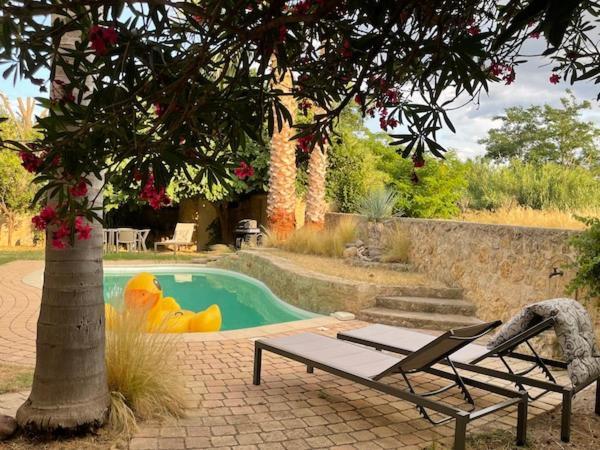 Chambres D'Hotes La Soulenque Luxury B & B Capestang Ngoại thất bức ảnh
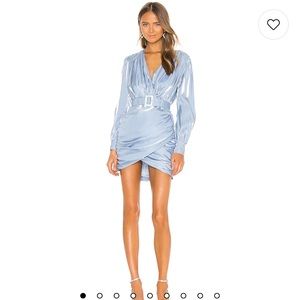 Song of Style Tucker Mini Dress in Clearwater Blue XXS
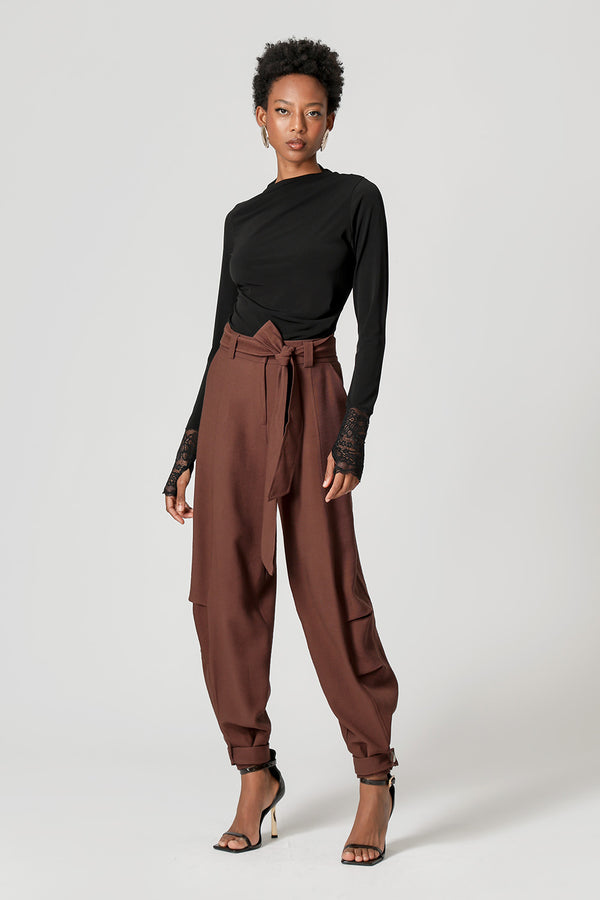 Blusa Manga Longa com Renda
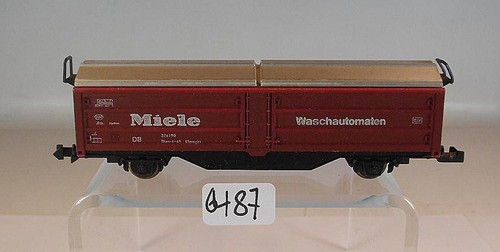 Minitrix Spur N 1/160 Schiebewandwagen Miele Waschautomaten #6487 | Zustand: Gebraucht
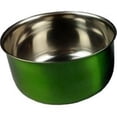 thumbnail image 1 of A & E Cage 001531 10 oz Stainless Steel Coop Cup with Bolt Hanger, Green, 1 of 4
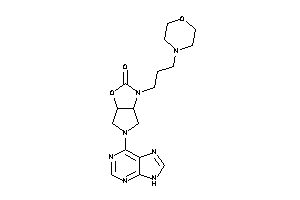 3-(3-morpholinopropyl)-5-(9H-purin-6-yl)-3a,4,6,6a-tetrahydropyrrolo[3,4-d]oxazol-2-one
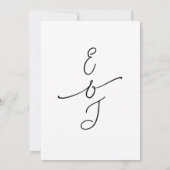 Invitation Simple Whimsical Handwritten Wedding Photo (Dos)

==

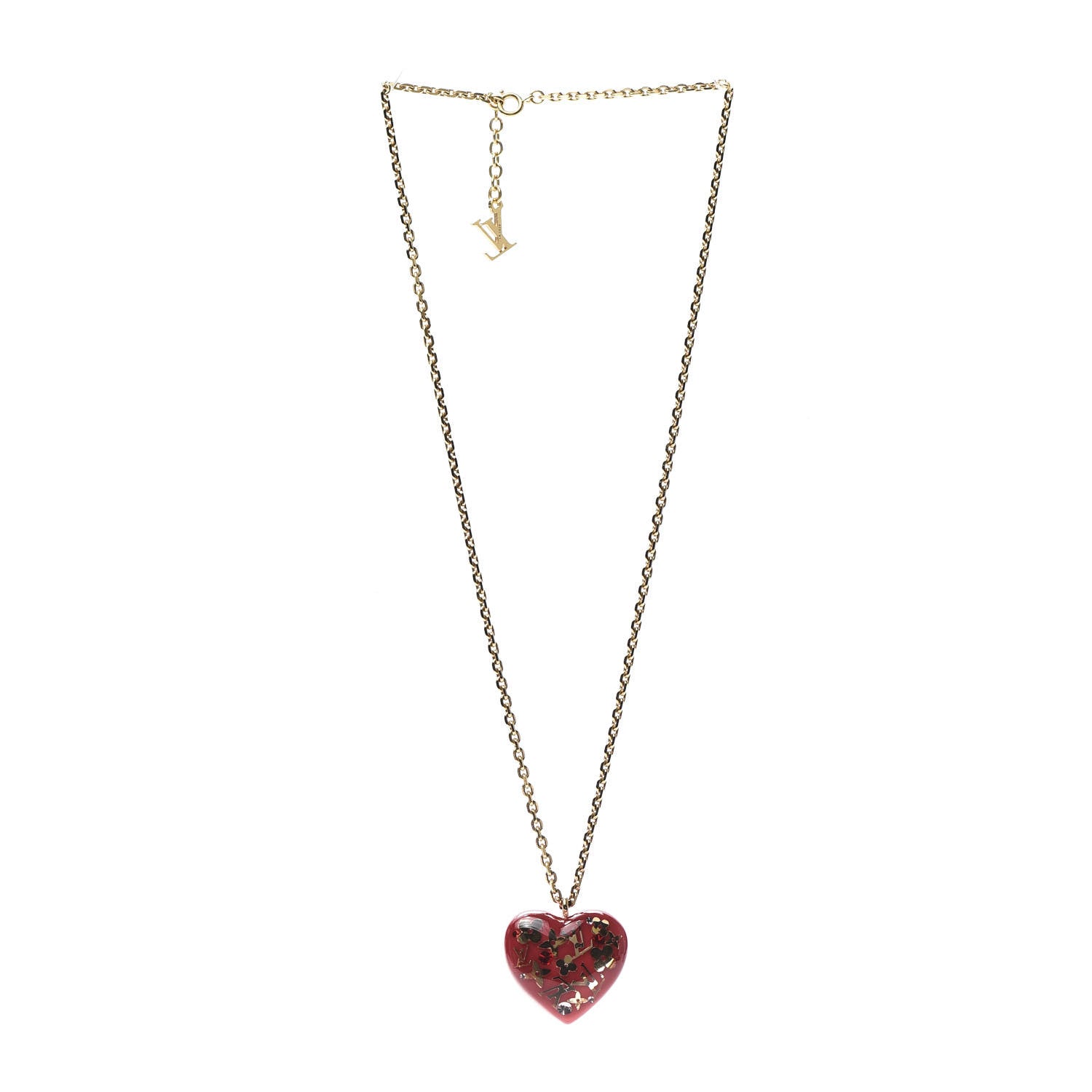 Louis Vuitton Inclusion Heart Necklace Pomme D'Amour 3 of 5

# Work task
Using the data above, set down each line from the line with "Chambres D'Hotes La" to the line with "Invitation Simple Whimsical" exactly, both ends included, and leave the pictures behind. Nothing else belongs.

# Response to the exercise
 Chambres D'Hotes La Soulenque Luxury B & B Capestang Ngoại thất bức ảnh
 Song of Style Tucker Mini Dress in Clearwater Blue XXS
 Blusa Manga Longa com Renda
 Minitrix Spur N 1/160 Schiebewandwagen Miele Waschautomaten #6487 | Zustand: Gebraucht
 thumbnail image 1 of A & E Cage 001531 10 oz Stainless Steel Coop Cup with Bolt Hanger, Green, 1 of 4
 3-(3-morpholinopropyl)-5-(9H-purin-6-yl)-3a,4,6,6a-tetrahydropyrrolo[3,4-d]oxazol-2-one
 Invitation Simple Whimsical Handwritten Wedding Photo (Dos)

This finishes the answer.